I have just asked the 64-year-old Chinese exile – almost certainly the world’s most famous living artist – about the tennis player Peng Shuai. In November, on the social media site Weibo, she revealed her affair with China’s former vice premier Zhang Gaoli, and suggested that she had been pressured into having sex with him. Peng then vanished from public view, before giving an interview two weeks later retracting her claims.

“She is not a ‘MeToo’ – the West has confused themselves,” says Ai carefully. “Everybody in China knows, as a sportsperson or ­entertainment star, you’re always trying to find someone in a higher political position to protect you, as an umbrella.” Peng was involved with a man so powerful as to be almost untouchable.

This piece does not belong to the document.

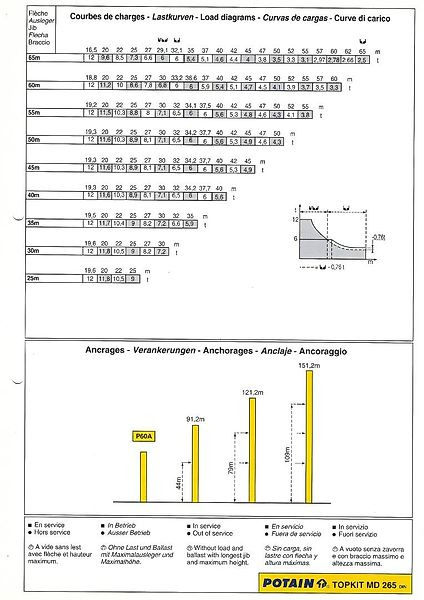 Potain MD 265 - Tower crane: picture 3 Potain MD 265 - Tower crane: picture 3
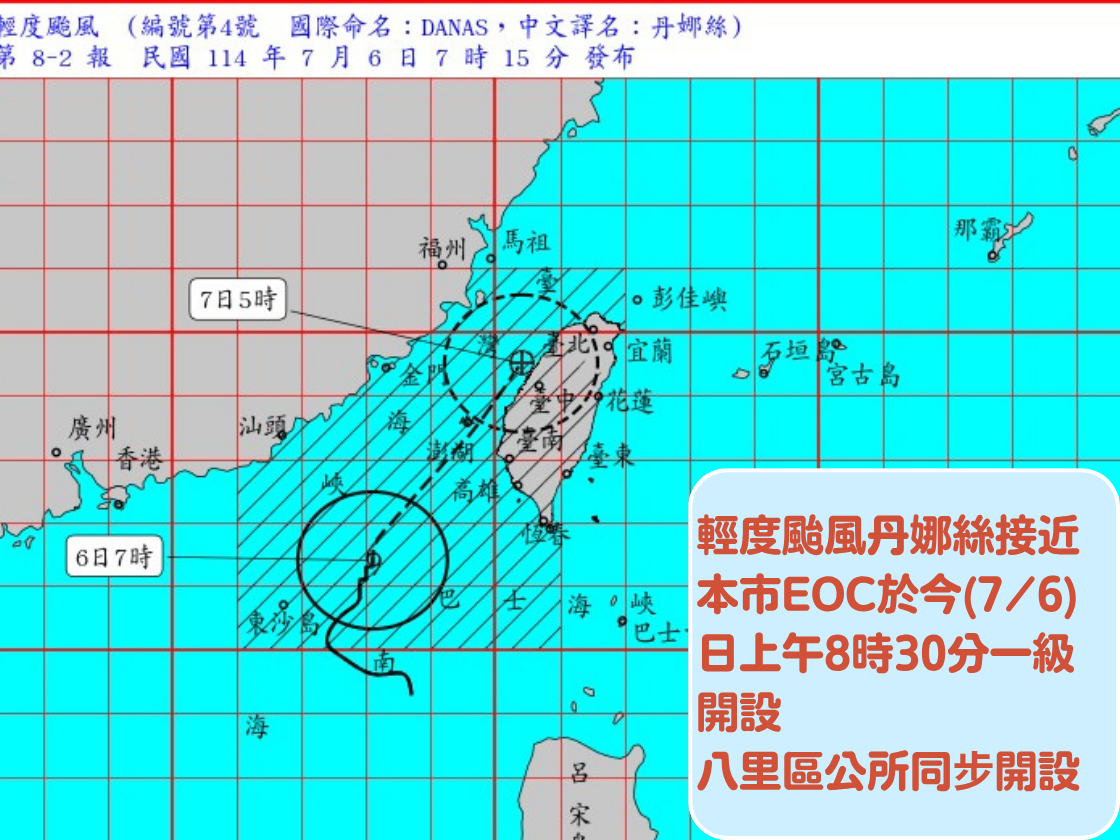 丹娜絲颱風海上陸上颱風警報,本市EOC於8時30分成立風災一級開設,本所同步開設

To Ai, it’s clear that the pair were lovers, their affair consensual and that the private feelings expressed in the original Weibo post were later “cleaned up” for Peng by the Party. The West doesn’t understand, he says, that “in China, there’s no privacy or individual will. Everything belongs to the Party, you are the property of the Party.” He suggests people here put themselves in Peng’s shoes. “So, what do you want to do? Lose every­thing – your family and friends, your career – and just argue about something which is not a sexually offensive act?”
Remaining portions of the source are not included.